Combining FEHB with Medicare Advantage
Federal retirees who enroll in both Medicare Part A and B can gain access to special FEHB-integrated Medicare Advantage (MA) plans offered by several FEHB carriers. These plans, often referred to as FEHB-MA plans, can be a compelling option for several reasons:
- Premium Reimbursement: Some FEHB-MA plans offer a partial or full reimbursement of your Medicare Part B premium, helping to offset the cost.
- Reduced Cost-Sharing: Many of these plans offer $0 copayments and deductibles for Medicare-covered services when you see an in-network provider, a benefit not available through Original Medicare and FEHB alone.
- Enhanced Benefits: The plans often include additional benefits like dental, vision, and hearing coverage, which Original Medicare does not provide.
Enrolling in a special FEHB-MA plan typically involves suspending your standard FEHB coverage, so it is essential to research the specifics carefully.
How FEHB and Medicare Cover Prescriptions
Federal retirees generally do not need to enroll in Medicare Part D. FEHB plans are required to have prescription drug coverage that is “creditable,” meaning it is at least as good as a standard Medicare Part D plan.

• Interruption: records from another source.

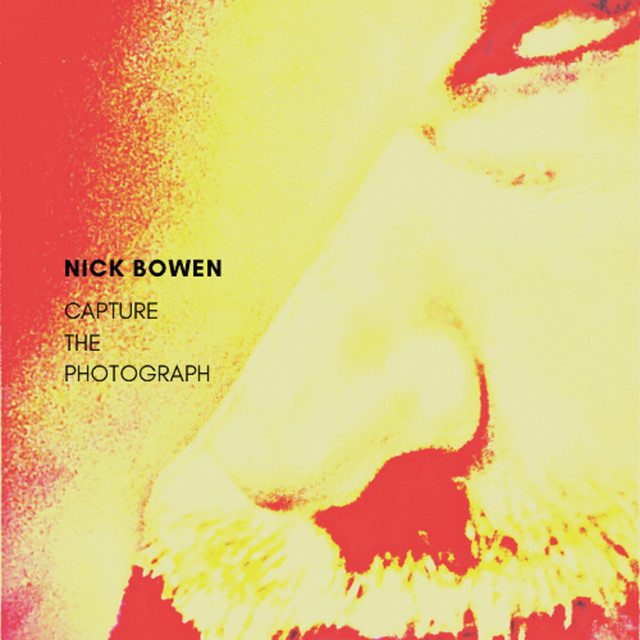 Nick Bowen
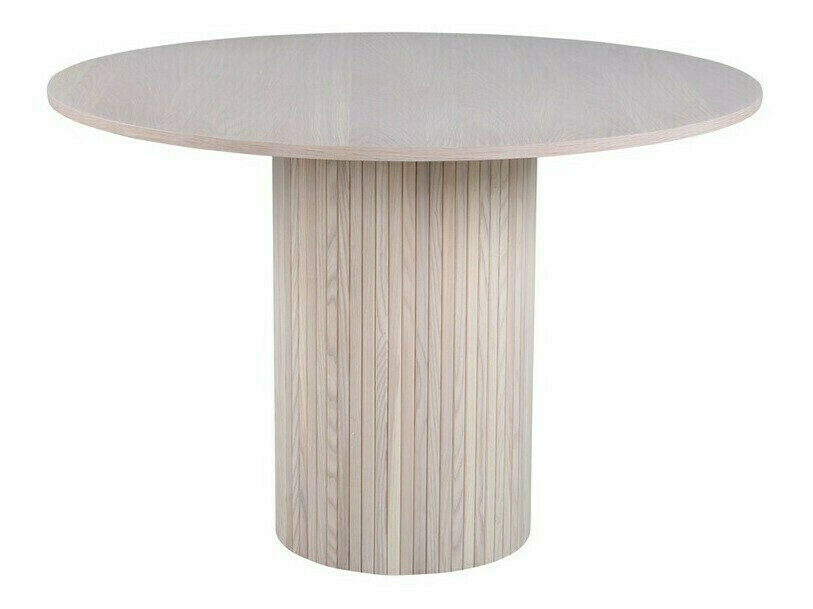 Conjunto de mesas y sillas para comedor Dallas 2559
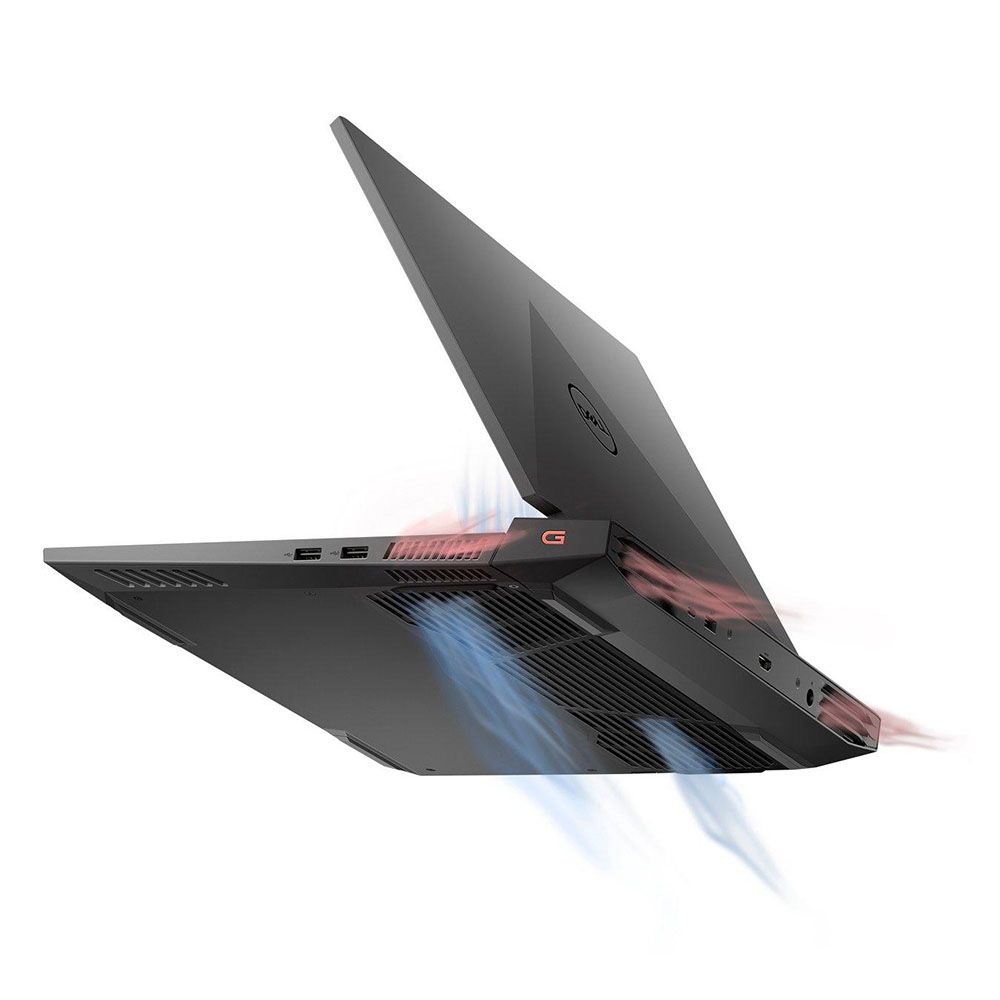 Dell G15 15.6" Full HD Gaming Laptop i7-10870H 16GB 512GB RTX 3060 | Grade B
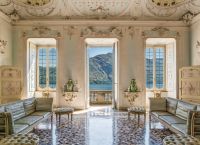 Grand Hotel Tremezzo στη Λίμνη Κόμο: Ένα ξενοδοχείο κόσμημα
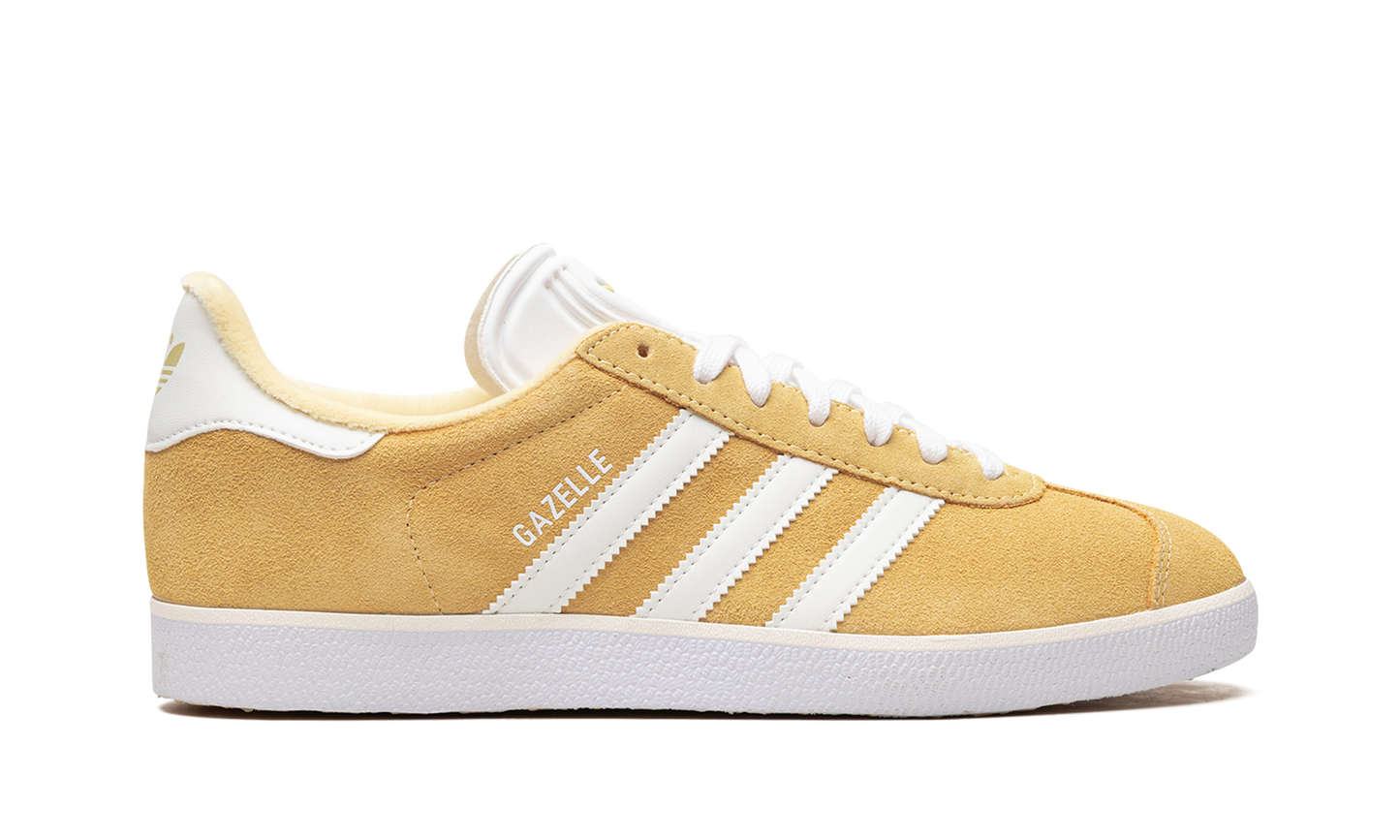 Adidas GAZELLE WMNS "Orange Tint"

If you stay with your FEHB coverage for prescriptions, you will not face a late enrollment penalty if you decide to join a Part D plan later. Some FEHB plans, however, now automatically include Part D coverage (known as an Employer Group Waiver Plan, or EGWP) for Medicare-eligible enrollees, so it's vital to check your plan's details.

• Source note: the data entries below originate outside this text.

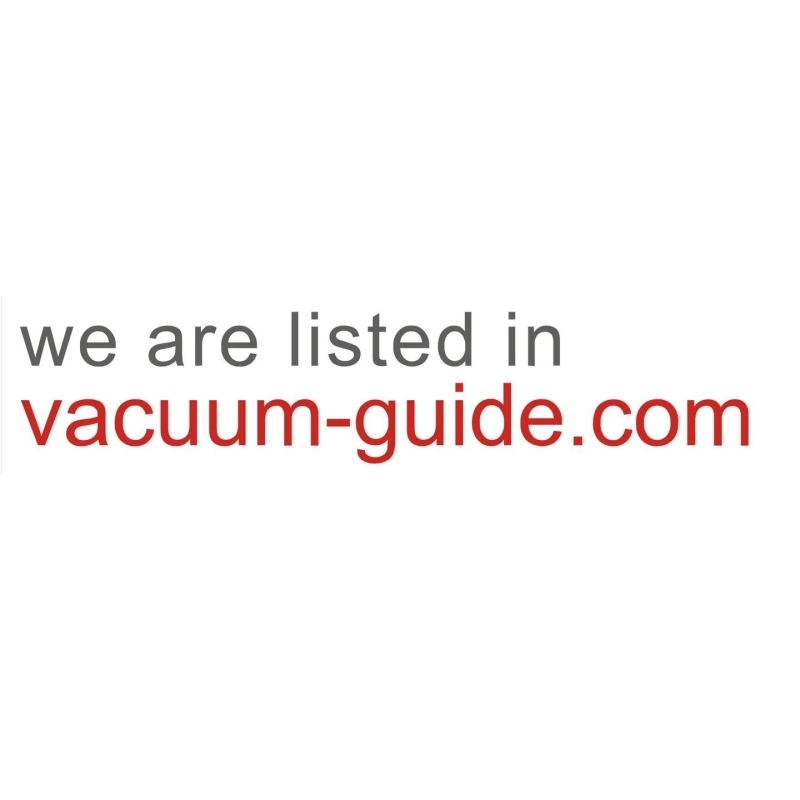 Hexo listed on vacuum-guide.com
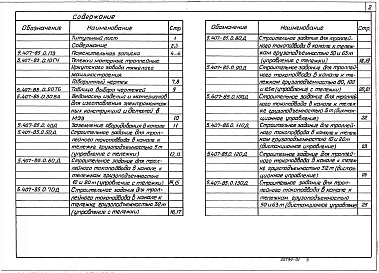 Выпуск 0 Материалы для проектирования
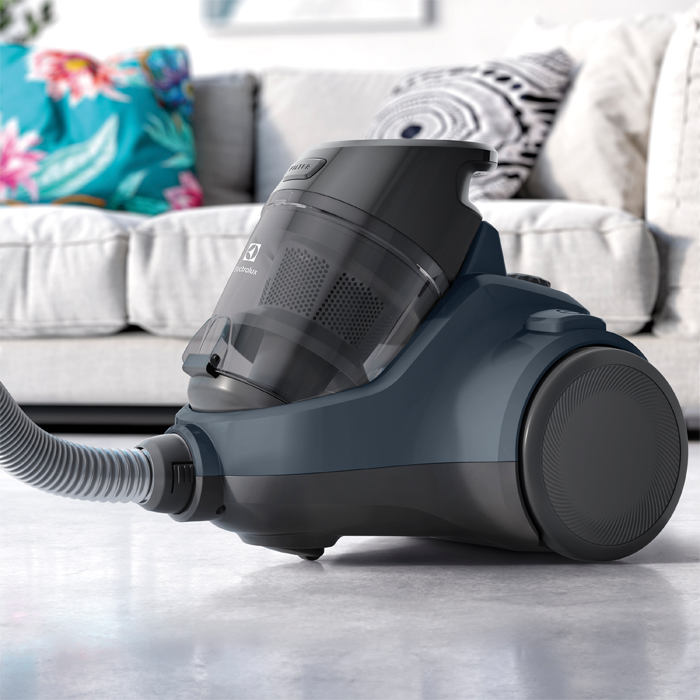 Electrolux EC41-6DB 1.8 L Cylinder vacuum Dry 750 W Bagless – image 6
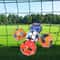 Mini Inflatable Soccer Ball For Kids And Outdoor Play 3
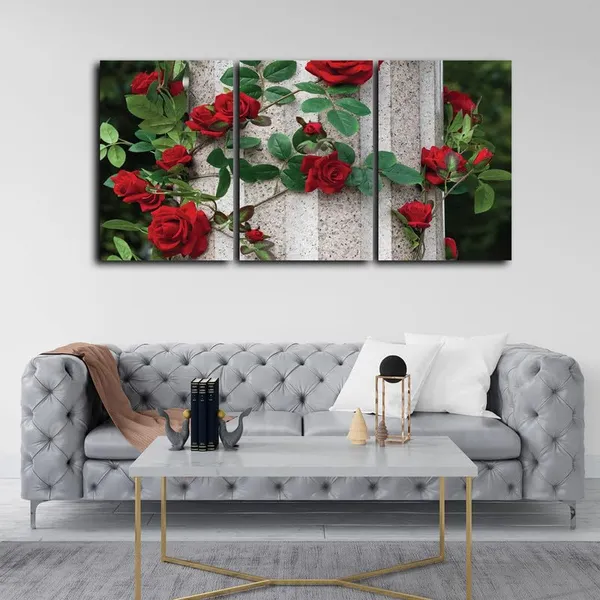 Multicolor_Abstract_Canvas_Wall_Art_|_For_Living_Room_Wall_Decor_|_For_Bedroom_Office_Decoration,_Wall_Decoration_Large_Painting_Artwork_Set_Of_3_Piece,_Each_Panel_Size_12_X_18,_S31786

Scenario Comparison: FEHB vs. FEHB + Medicare
To illustrate the potential differences, here is a simplified comparison of costs and coverage. This table is for illustrative purposes only, and actual costs depend on your specific plan and healthcare needs.

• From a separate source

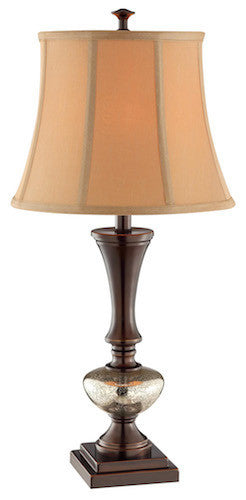99896 - Sheyene Table Lamp - Free Shipping! Floor, Desk And Table Lamps - RauFurniture.com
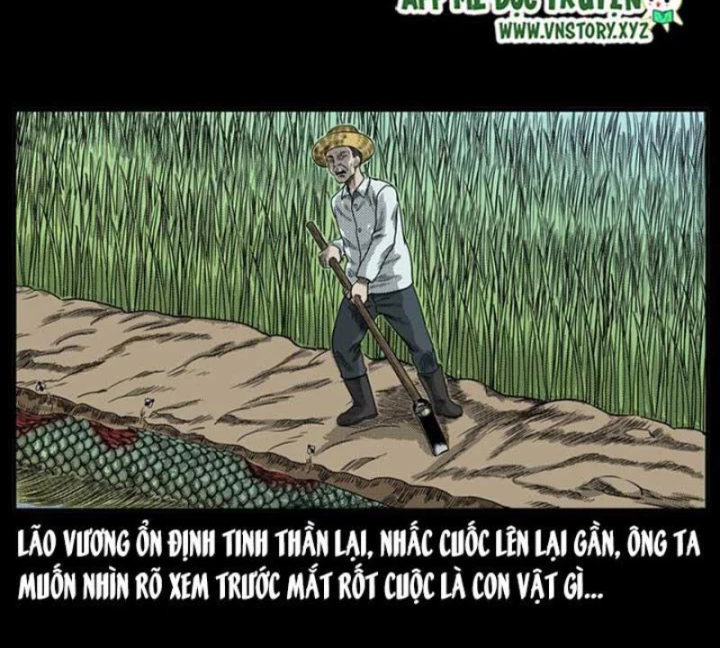 Tam Lão Gia Kinh Kỳ Thủ Trát Chapter 20 - 76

| Feature | FEHB Only (as retiree) | FEHB + Medicare A&B | FEHB + FEHB-MA Plan |
|---|---|---|---|
| Primary Payer | FEHB | Medicare | Medicare |
| Monthly Premiums | FEHB premium only | FEHB premium + Medicare Part B premium | FEHB-MA premium (often lower) + Medicare Part B premium (often reimbursed) |
| Out-of-Pocket Costs | Subject to plan's deductibles, copayments, and coinsurance | Often eliminated for Medicare-covered services | Often near-zero for in-network Medicare services |
| Network | Limited to plan's network (HMO) or higher cost for out-of-network (FFS) | Access any provider accepting Medicare | Limited to plan's network, or higher cost for out-of-network |
| Late Enrollment Penalties | No penalty for Part D; lifelong penalty for Part B if enrolled later | No penalties if enrolled on time | No penalties if enrolled on time |
Making the Right Decision for Your Retirement
Your decision hinges on a careful cost-benefit analysis. Consider your health needs, financial situation, and preferred access to providers. While adding Medicare Part A is almost always a good idea if it's premium-free, the value of Part B must be weighed against its monthly premium, especially for higher-income individuals subject to IRMAA. Exploring a special FEHB-MA plan can also provide significant cost savings and enhanced benefits. It’s important to research your specific FEHB plan's coordination of benefits and to use the tools available during the annual Federal Benefits Open Season.
For authoritative guidance on this complex topic, you can also consult resources from the Office of Personnel Management via their Medicare page.
Ultimately, there is no one-size-fits-all answer. Your unique circumstances will determine the best path forward for your healthcare in retirement.